In our few extremely high transaction tables we wind up running into an issue with disposing of stale data. To solve this we partition the tables by day of year (and in some cases hour of day). Every day (or hour) we swap out the partition to a blank table and truncate that swap table for a sub second data cleanup. And because of this we’ve both partitioned and sorted our cluster index by this field.
A PAGELATCH_EX or PAGELATCH_SH alert is actually not related to IO yet you’ll run into it with the scenario I explained above. What winds up happening is that while we have a pretty beefy data server, we have contention on the last page in the table only allowing us to process a few inserts at a time. This is because our clustered index is sorting on day of year ascending which creates a hot spot at the end of the table.
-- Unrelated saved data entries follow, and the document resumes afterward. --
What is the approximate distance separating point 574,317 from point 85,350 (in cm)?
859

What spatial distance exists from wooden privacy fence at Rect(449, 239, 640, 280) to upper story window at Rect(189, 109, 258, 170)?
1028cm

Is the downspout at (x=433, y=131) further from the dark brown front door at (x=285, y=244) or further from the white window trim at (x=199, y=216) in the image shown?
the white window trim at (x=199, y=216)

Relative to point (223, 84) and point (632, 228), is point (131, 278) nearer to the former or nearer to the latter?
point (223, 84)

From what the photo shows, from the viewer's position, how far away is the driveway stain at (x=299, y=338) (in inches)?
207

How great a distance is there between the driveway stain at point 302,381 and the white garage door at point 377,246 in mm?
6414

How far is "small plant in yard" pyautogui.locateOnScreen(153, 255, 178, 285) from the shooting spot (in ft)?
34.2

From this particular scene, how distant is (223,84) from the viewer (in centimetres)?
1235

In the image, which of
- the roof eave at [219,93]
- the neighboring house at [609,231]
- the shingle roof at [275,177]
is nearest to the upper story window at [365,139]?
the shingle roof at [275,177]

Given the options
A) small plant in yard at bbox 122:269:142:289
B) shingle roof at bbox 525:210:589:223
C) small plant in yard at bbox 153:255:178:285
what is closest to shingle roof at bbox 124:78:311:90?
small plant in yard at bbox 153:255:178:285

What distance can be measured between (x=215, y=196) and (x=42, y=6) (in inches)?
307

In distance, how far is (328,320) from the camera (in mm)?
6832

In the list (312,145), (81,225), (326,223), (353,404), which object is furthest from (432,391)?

In order to solve this, all we had to do is force our inserts to hit multiple parts of the table at once to prevent a single page lock from slowing down the entire system. In this part of our application we were collecting metrics data from all workstations in the firm and we had a column MachineName for every row in the table. We decided to add MachineName to the clustered index which then forced each insert to each hit a unique page in our table.
From then on, you’re sitting on the speed of your disk IO. Provided you have a decent storage setup you’ll be leaning on your log volume. The rest is pretty well documented in Google, I just didn’t find anything that easy for PAGELATCH issues so I figured I would share.